Joué dans le grand Atelier Gustave Eiffel récemment restauré et consacré à l’opéra, dans The Scarlett Princess of Edo, Silviu Purcarete adapte à sa manière les principes du kabuki (chemin des fleurs, onnagata et costumes japonais… De luxueuses créations de papier, mêlées à des vêtements plus contemporains, noirs et blancs, pour certains rôles masculins.
Simon Mac Burney avec son Théâtre de complicité présentait une adaptation de l’étrange roman d’Olga Tokarczuk, Drive Your Plow over the Bones of the Dead, avant sa présentation à Paris. La technologie des images n’était pas encore tout à fait au point mais le spectacle était déjà impressionnant, conduit par la grande actrice Kathryn Hunter et orchestré par une thématique écologique, fantastique, et non simpliste,comme elle l’est trop souvent en France.
Ecologique aussi, Resurrexit Cassandra de la compagnie Troubleyn, (2021), mise en scène de Jan Fabre, combine danse, vidéo et musique, sur un texte de l’Italien Ruggiero Cappucio… Un solo interprété par Stella Höttler, Cassandre d’aujourd’hui, une « shamane » qui voit et décrit le futur, maudissant les humains pour leurs actes insensés.

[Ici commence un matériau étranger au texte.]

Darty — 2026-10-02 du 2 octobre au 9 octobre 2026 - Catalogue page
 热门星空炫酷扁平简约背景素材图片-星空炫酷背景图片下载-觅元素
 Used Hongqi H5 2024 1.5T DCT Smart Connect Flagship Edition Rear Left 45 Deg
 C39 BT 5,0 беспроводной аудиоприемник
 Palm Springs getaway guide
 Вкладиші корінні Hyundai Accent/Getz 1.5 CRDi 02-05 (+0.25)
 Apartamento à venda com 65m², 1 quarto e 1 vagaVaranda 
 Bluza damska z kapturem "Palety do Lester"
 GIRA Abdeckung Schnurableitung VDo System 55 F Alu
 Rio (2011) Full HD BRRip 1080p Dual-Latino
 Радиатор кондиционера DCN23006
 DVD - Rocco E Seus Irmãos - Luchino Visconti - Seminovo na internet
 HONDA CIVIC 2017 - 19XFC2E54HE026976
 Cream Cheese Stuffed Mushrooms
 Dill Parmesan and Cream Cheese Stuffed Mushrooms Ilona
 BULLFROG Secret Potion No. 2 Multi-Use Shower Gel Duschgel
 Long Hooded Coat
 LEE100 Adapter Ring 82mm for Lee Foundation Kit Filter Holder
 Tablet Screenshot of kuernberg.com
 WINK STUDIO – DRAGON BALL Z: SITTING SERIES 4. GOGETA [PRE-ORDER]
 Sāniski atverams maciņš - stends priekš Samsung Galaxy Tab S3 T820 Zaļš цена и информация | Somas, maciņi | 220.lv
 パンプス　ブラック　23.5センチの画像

Dans cette petite salle, la performeuse peut interpréter le spectacle en plusieurs langues, et sur cett étendue sableuse où sont figées des tortues sur la carapace desquelles les anciens prédisaient l’avenir, chacun se sent interpellé.
Cassandre parlera cinq fois et en cinq robes de couleur différente, scrute l’avenir, décrit la pourriture, la pollution, la terre stérile, le feu. Est-elle écoutée ? Oui. Et un silence profond et une sidération règnent dans le public. Mais la douleur de Cassandre qui va jusqu’à la transe, peut-elle être entendue? Cette représentation nous a paru inoubliable.
Deux spectacles de marionnettes : l’un d’Afrique du Sud et l’autre d’Angleterre. Dans cette version d’Hamlet, mise en scène par Janni Younge, ancienne directrice de la Handspring Puppet Company, les poupées ont de grandes têtes sculptées couvertes d’ une toile de jute beige, dans laquelle sont aussi coupées les draperies évoquant leurs vêtements, ou bien leurs états et leurs émotions.
Une relation complexe lie les manipulateurs-acteurs et ces grandes poupées aux visages expressifs : les humains parlent à leur place ou avec elles, et parfois trois acteurs font agir une même marionnette. Ou l’une d’elles semble agir seule, s’emballer, dans des configurations sans cesse renouvelées.
Le magicien malicieux Stephen Mottram, présentait The Parachute et Watch the ball, où les personnages se forment dans le cerveau des spectateurs qui relient les boules lumineuses que dirige le manipulateur. Ces personnages sont ainsi évoqués par le mouvement de cinq points dans l’espace et leur déplacement et son rythme créent la figure, le sens, et donnent même une idée de l’âge du personnage. Humour, virtuosité technologique, humanité touchante…
Enfin, Eugenio Barba organisait la dix-septième ISTA (International School of Anthropology) New Generation. Le travail de recherche a eu lieu pendant une dizaine de jours à Pescvarad une petite ville hongroise où maîtres et stagiaires tous choisis et venus du monde entier, travaillaient ensemble dans des ateliers.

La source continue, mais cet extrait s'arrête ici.